# starting a peacock male only tank



## lambretta (Oct 31, 2019)

looking at buying groups of juvs 1 type at a time so that i can pass on the extra knowing what they are 
is it the same as mbuna where its only 1 male per tank per species and look alike


----------



## DJRansome (Oct 29, 2005)

Yes one male/species and with peacocks, one species/tank.


----------



## lambretta (Oct 31, 2019)

would i get away with a blue peacock and a blue hap or would they just see the colour and not the different species


----------



## DJRansome (Oct 29, 2005)

You can mix haps and peacocks if the hap is not fryeri and if the hap females are VERY different looking than the peacock females. But...the topic was peacocks.

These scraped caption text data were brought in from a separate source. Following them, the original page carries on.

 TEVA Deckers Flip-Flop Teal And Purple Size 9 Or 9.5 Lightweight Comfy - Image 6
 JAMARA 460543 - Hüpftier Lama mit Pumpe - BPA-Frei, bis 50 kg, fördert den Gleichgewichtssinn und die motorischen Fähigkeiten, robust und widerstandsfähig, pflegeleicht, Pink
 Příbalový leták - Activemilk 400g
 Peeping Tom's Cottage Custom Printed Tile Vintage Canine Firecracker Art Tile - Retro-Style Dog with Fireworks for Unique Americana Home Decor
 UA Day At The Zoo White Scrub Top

If you raise one species at a time and you ultimately need 12 males this would take you 12 years. Males may not be identifiable after 6 months.


----------



## lambretta (Oct 31, 2019)

should have added i have found a local breeder that will sell me male only hence the question of blue peacock and blue hap


----------



## DJRansome (Oct 29, 2005)

Yes many of the haps are blue. They seem to be OK together as long as they are different genus and different shape at least.

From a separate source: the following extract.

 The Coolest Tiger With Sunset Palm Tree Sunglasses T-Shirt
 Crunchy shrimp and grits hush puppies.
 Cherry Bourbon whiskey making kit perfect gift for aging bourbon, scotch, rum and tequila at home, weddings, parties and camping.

Peacocks are more one blue one yellow one red IME. With some exceptions: maleri and usisya both yellow and work together. But blue neon (yellow peacock) would not color with these for me.

Ngara or red shoulder and a solid blue often work.


----------



## lambretta (Oct 31, 2019)

thanks for the help
this is a list of the fish she has listed as juvs 
i know some will not be suitable for my 4 foot tank just hope she has others i can chose from and that i like her prices as much as the fish (the juvs are £45 for ten )

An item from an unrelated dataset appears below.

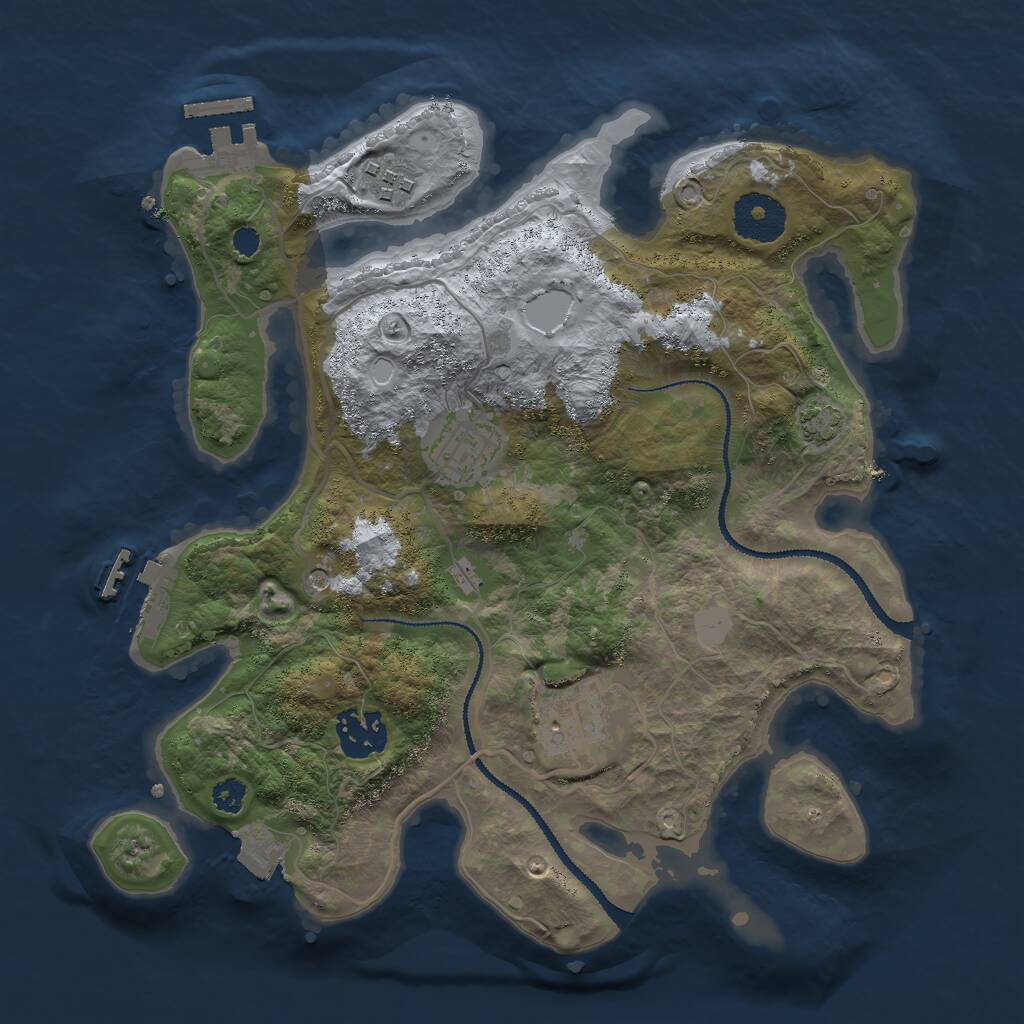 Rust Map: Procedural Map, Size: 3000, Seed: 21908, 9 Monuments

Aulonocara Red Rubin Peacock 4 - 5 cm
Aulonacara Orange Blotch Peacock, stunning colours 4 - 5 cm
Aulonocara Regal blue stuartgranti mbenji peacock 4 - 5 cm
Aulonocara Peacock Dragon blood The males are very red 4 - 5 cm
Aulonocara Baenschi 4 - 5 cm
Aulonocara Maylandi Sulphur Head 4 - 5 cm
Aulonocara Jacobfriebergi 4 - 5 cm
Aulonocara Pink Albino fire fish. 4 - 5 cm
Aulonocara Fire fish. 1.5inch
Aulonocara Peacock-Gold Red Eye 4 - 5 cm 
Cyrtocara moori Dolphins. 1.5inch
Nimbochromis livingstoni 1.5inch
Nimbochromus Venustus 1.5inch
Copadichromis borleyi red fin 4 - 5 cm
Protomelas fenestratus "steveni tiger" 1.5inch
Haplochromis milomo Super VC-10 hap 4 - 5 cm
Sciaenochromis fryeri/ahli 4 - 5 cm


----------



## DJRansome (Oct 29, 2005)

Juveniles cannot be sexed. You would buy one adult male. So are you going back to raising one species at a time and selling off females? Or stocking adult males?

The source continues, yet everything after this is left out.